- _INFORMATION_:
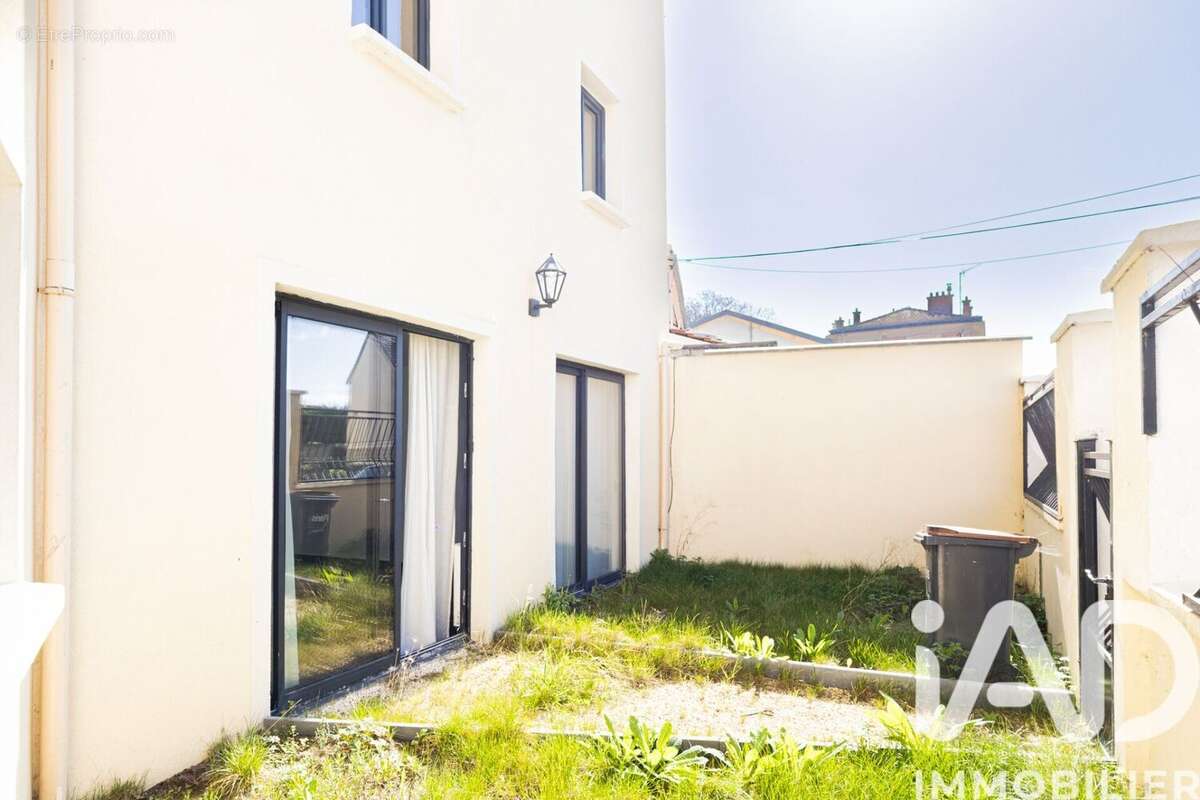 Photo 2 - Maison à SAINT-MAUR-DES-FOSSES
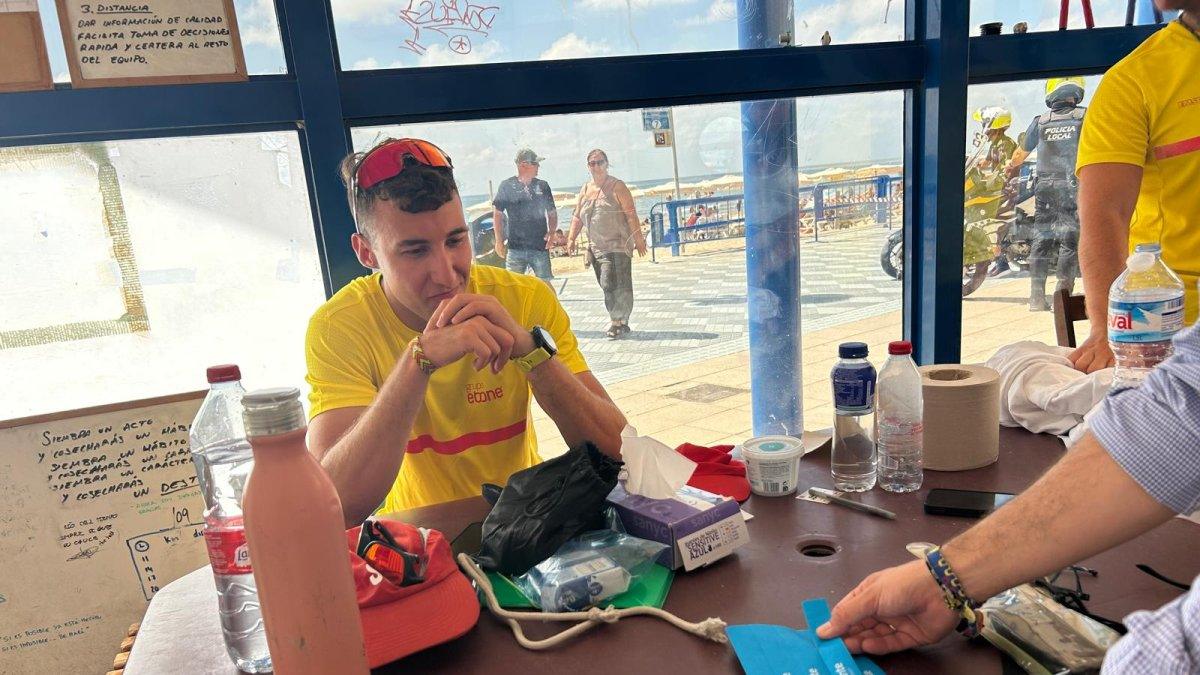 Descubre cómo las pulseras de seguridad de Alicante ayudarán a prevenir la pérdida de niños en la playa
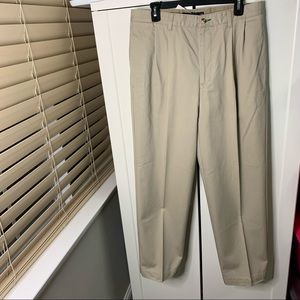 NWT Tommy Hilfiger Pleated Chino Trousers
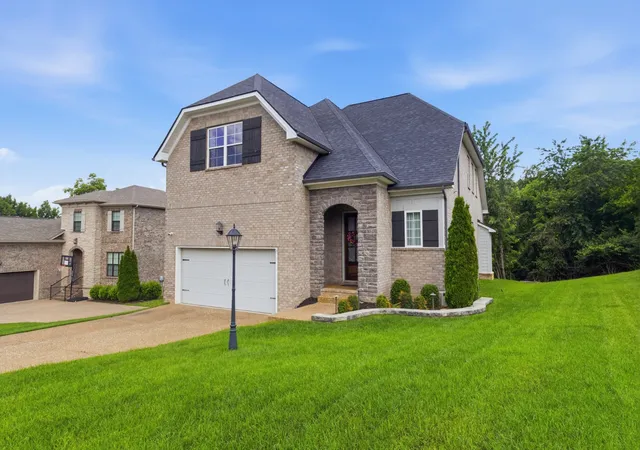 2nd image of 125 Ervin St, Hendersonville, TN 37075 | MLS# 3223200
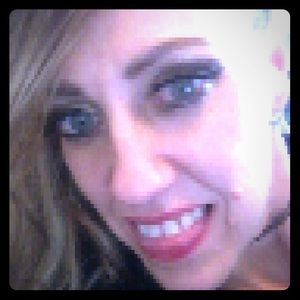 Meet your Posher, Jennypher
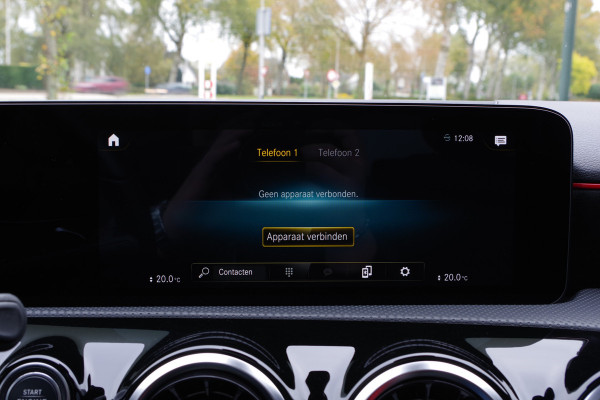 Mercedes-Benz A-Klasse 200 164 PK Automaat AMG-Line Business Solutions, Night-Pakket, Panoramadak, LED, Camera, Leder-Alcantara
* * *
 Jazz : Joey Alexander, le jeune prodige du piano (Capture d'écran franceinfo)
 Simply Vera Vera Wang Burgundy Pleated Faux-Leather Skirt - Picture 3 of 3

- _TASK TO CARRY OUT_: Your answer must be the lines above from the one holding "Descubre cómo las" up to and including the one holding "Meet your Posher, Jennypher", exact and with no pictures.

- _RESPONSE AREA_:
 Descubre cómo las pulseras de seguridad de Alicante ayudarán a prevenir la pérdida de niños en la playa
 NWT Tommy Hilfiger Pleated Chino Trousers
 2nd image of 125 Ervin St, Hendersonville, TN 37075 | MLS# 3223200
 Meet your Posher, Jennypher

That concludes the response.